OTTAWA - A new poll suggests Canadians still believe Justin Trudeau is still the best man for the job of prime minister — but he has only a slight lead over new Conservative Leader Pierre Poilievre.
Leger has released the findings of an online survey conducted from Sept.16 to Sept.18 with 1,522 respondents.
The results come 10 days after Poilievre's landslide victory in the Conservative leadership race, which many Tories hope signals the beginning of a unified Conservative party.
The poll shows support for the Liberals fell a dramatic five points since early August, while the Tories gained six points. The NDP also rose by two and the People's Party of Canada fell by two.
The poll suggests the Liberals' popularity has declined since one year ago, when Trudeau was re-elected for a second time to form a minority government.
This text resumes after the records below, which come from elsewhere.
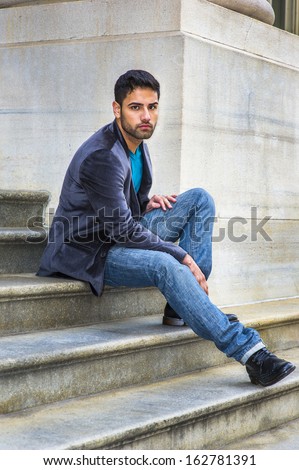 Dressing in a dark purple woolen blazer,  blue jeans and black leather shoes, a young handsome guy with a little bread and mustache is sitting on steps outside an office, thoughtfully looking at you.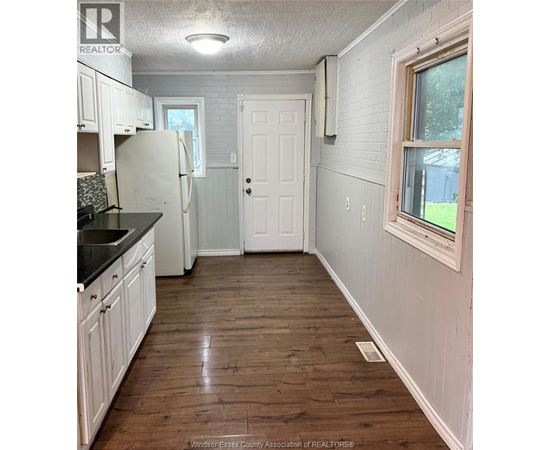 A kitchen with white cabinets and a black counter top.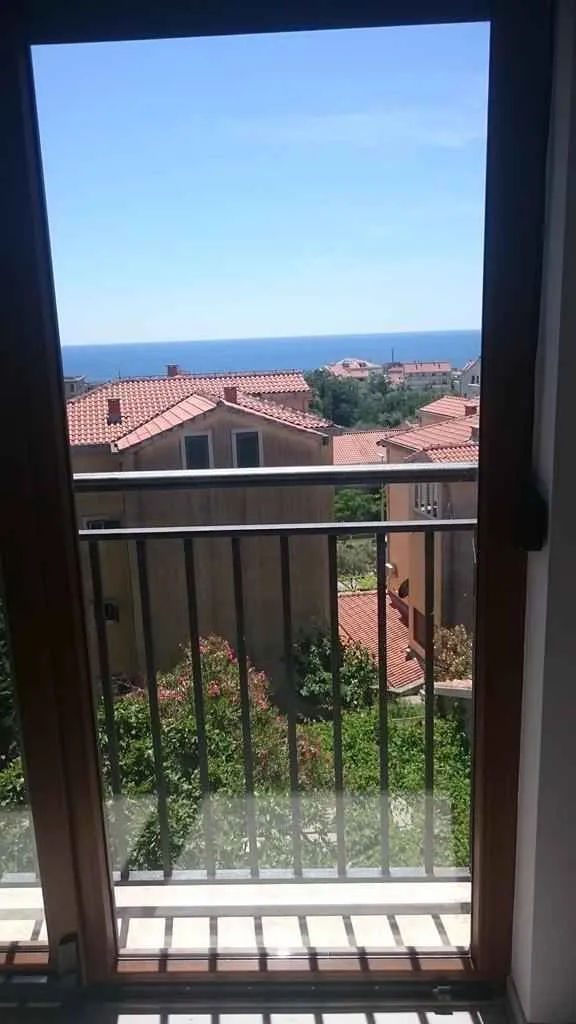 Pogled na more i okolne krovove kroz balkonska vrata.
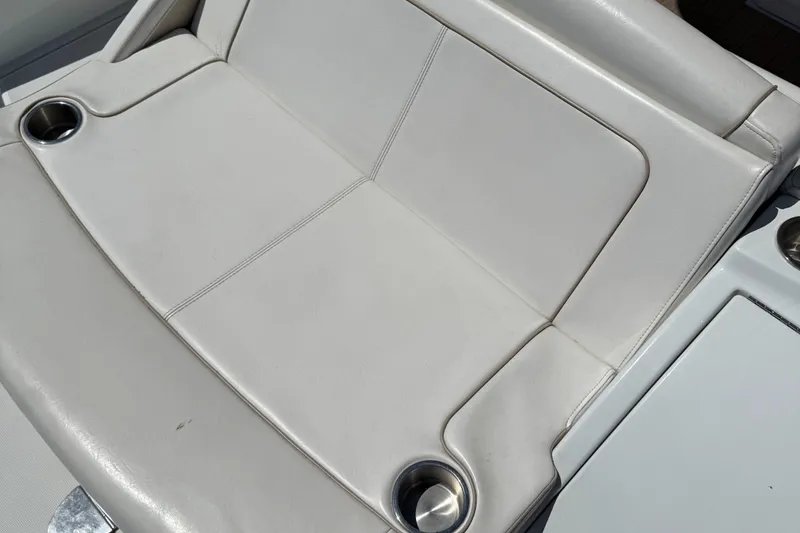 Slide: The Image of 2013 Formula 290 Bowrider white leather seating with cup holders. - 16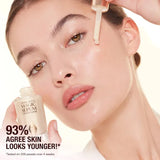 Application of Charlotte Tilbury Magic Serum on skin for hydration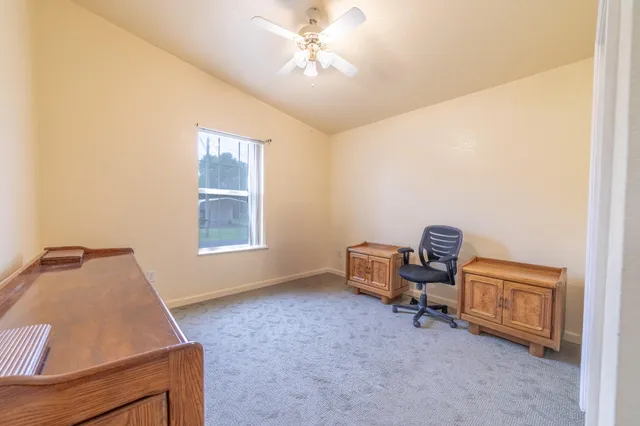 a room with a bed and a chandelier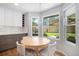 Breakfast nook with table and seating, offering a view of the backyard and access to modern kitchen amenities at 9673 Pinebrook St, Highlands Ranch, CO 80130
Around 28 per cent of respondents said they would cast a ballot for the Liberals if an election were held today, as compared to the nearly 33 per cent who did last September.
The results suggest some of the former Liberal voters may have shifted left and right.
About 34 per cent of respondents said they would park their vote with the Tories. That returns the Tories to popularity levels posted when Canadians last went to the polls, and a big improvement from the 26 per cent support it found after losing last year's election.
Another 23 per cent of respondents in the survey said they would pick the NDP, an increase from the nearly 18 per cent recorded in the election.
Three per cent of respondents opted for the Green Party and another three per cent would choose the People's Party of Canada.
When it comes to who would make the best prime minister, however, the data suggests Trudeau has the edge over both Poilievre and the NDP's Jagmeet Singh.
Trudeau was top choice for 24 per cent of respondents, three points ahead of Poilievre and seven points over Singh.
It cannot be assigned a margin of error because online polls are not considered truly random samples.
Tuesday marks the return of members of Parliament to the House of Commons, which is where Poilievre and Trudeau are expected to have their first significant exchange during Question Period later in the week.
The pair briefly met last week when MPs offered condolences to Queen Elizabeth II.
When it comes to the poll's regional breakdowns, the survey suggests Poilievre has the weakest support in Quebec and strongest in Alberta as compared to Trudeau, who is the strongest in Atlantic Canada and weakest in Alberta.
The data suggests Ontario is a much closer toss-up, with 34 per cent of respondents in that province saying they would pick a Poilievre-led Conservative party as compared to 32 per cent who said they would choose the Trudeau Liberals.